Your instructions: Copy out again, unchanged, the listing below from the line that has "Catch a quick" through the line that has "Little Preschool Girl".

Material for this task:
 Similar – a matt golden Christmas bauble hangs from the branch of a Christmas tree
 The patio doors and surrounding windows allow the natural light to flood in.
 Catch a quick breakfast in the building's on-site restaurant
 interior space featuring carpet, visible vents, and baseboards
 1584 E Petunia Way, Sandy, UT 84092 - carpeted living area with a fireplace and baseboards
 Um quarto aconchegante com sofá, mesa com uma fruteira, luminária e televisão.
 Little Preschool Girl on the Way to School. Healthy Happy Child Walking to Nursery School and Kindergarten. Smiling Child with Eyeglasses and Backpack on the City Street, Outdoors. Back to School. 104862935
==
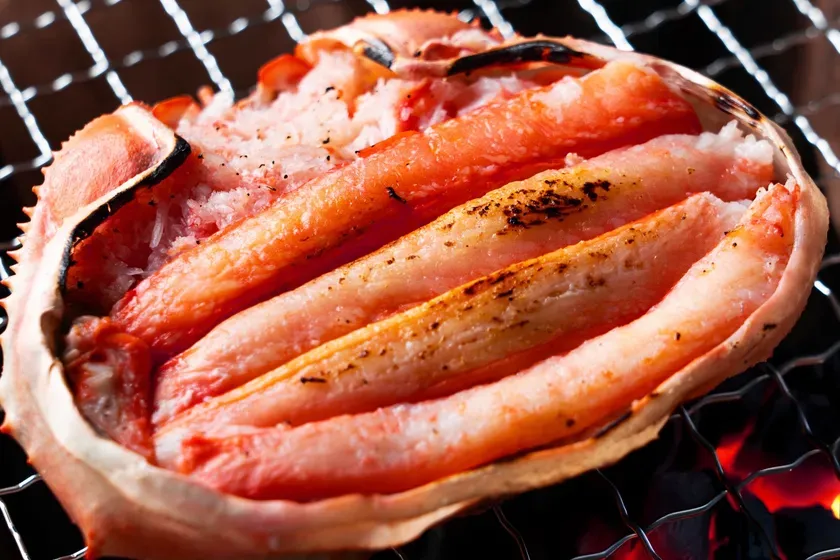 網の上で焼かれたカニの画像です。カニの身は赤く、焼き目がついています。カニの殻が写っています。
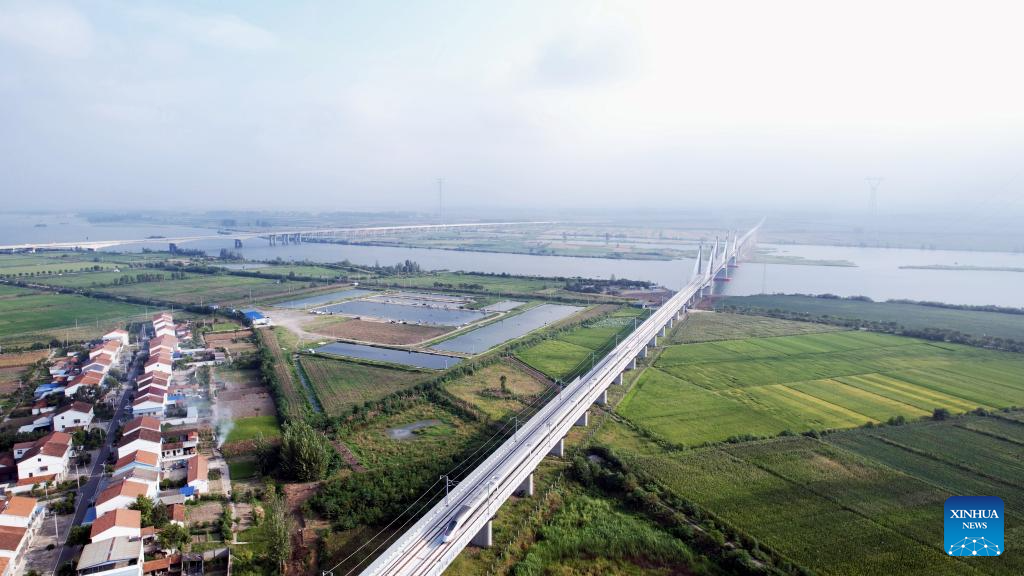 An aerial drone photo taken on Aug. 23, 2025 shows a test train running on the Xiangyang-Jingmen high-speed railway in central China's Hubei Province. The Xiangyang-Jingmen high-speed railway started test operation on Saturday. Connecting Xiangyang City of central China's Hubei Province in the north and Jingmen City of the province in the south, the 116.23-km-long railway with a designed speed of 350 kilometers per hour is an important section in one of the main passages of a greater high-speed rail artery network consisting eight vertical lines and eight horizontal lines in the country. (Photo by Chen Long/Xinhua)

Written response:
 Catch a quick breakfast in the building's on-site restaurant
 interior space featuring carpet, visible vents, and baseboards
 1584 E Petunia Way, Sandy, UT 84092 - carpeted living area with a fireplace and baseboards
 Um quarto aconchegante com sofá, mesa com uma fruteira, luminária e televisão.
 Little Preschool Girl on the Way to School. Healthy Happy Child Walking to Nursery School and Kindergarten. Smiling Child with Eyeglasses and Backpack on the City Street, Outdoors. Back to School. 104862935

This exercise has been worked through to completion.